# What Happened To Cypher



## Mad King George (Jan 15, 2008)

i was playing before he was released and when he was he looked awesome in his robes

but whats happened to him ?


----------



## Marneus Calgar (Dec 5, 2007)

Mad King George said:


> i was playing before he was released and when he was he looked awesome in his robes
> 
> but whats happened to him ?


Do you mean where is he now? 

But i do know hes not available on the GW site. But i do know he is one of the fallen etc. He can be included in one Chaos army as a HQ i think is that right?


----------



## Vitaeus (Jan 27, 2008)

What are you trying to ask? What happened to the mini, or the character himself? I dunno about the mini, but as for the character, there are rumors circulating that believe that Cypher is actually Lion El'Jonson himself, due to the fact that he has been seen with the fabled "Lion Sword" that he never actually uses in combat. Probably common knowledge, eh?


----------



## Mad King George (Jan 15, 2008)

i thought he was dark angels


----------



## Vitaeus (Jan 27, 2008)

He's a Fallen Dark Angel. It makes _some_ sense to put him with Chaos, but it seems a bit iffy as far as staying canon. Just my opinion.


----------



## Sons of Russ (Dec 29, 2007)

They put him on the Chaos list to throw noobs off....

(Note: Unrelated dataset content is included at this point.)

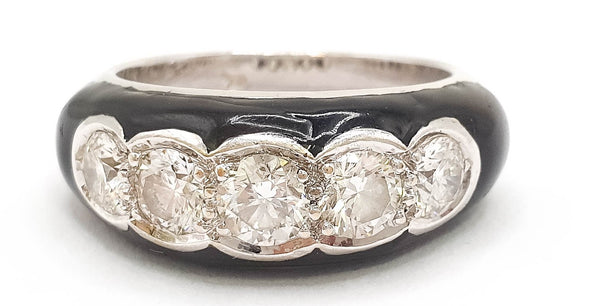 Anillo en oro blanco 18k con diamantes y ónix - Mayka Jewels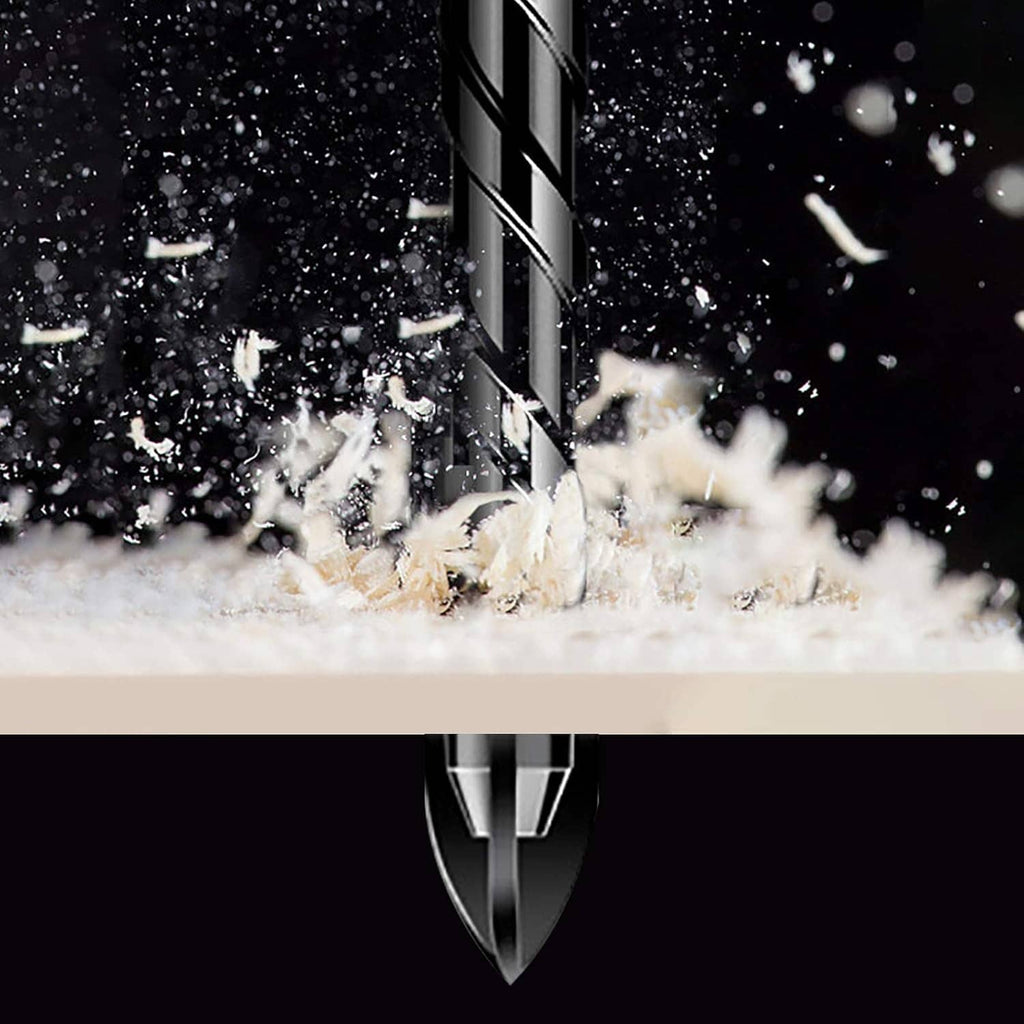 Masonry drill bit drilling into surface with visible dust and debris at the tip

He is considered a Fallen Dark Angel who has seen the error of his ways.... He is rumoured to carry the Lion Sword and his random sightings make a pattern that has him eventually returning to Holy Terra.

According to uber-conspiracy canon, he will use the sword to free the Emperor's Soul from the Golden Throne and thus bring the prophecy of the Star Child to fruition.

Of course, GW will never actually let that happen, because it would radically shift the paradigms of the 40k universe.....


----------



## Djinn24 (Jan 12, 2008)

In 3rd edition Cypher is the most notorious of the Fallen. He was usable in 3rd edition of the chaos codex but was removed in the 4th edition for unknown reasons. It has been stated that Jervis has said he does not consider the Fallen as chaos or even followers of chaos. We may see him in another codex soon, or he might just be removed from the game completely.


----------



## O'sharan (Nov 3, 2007)

Is this a rules questions? sounds like fluff.


----------



## Mad King George (Jan 15, 2008)

no just what happened to him.

hence i had dante for blood angels and then they took him away "in theory"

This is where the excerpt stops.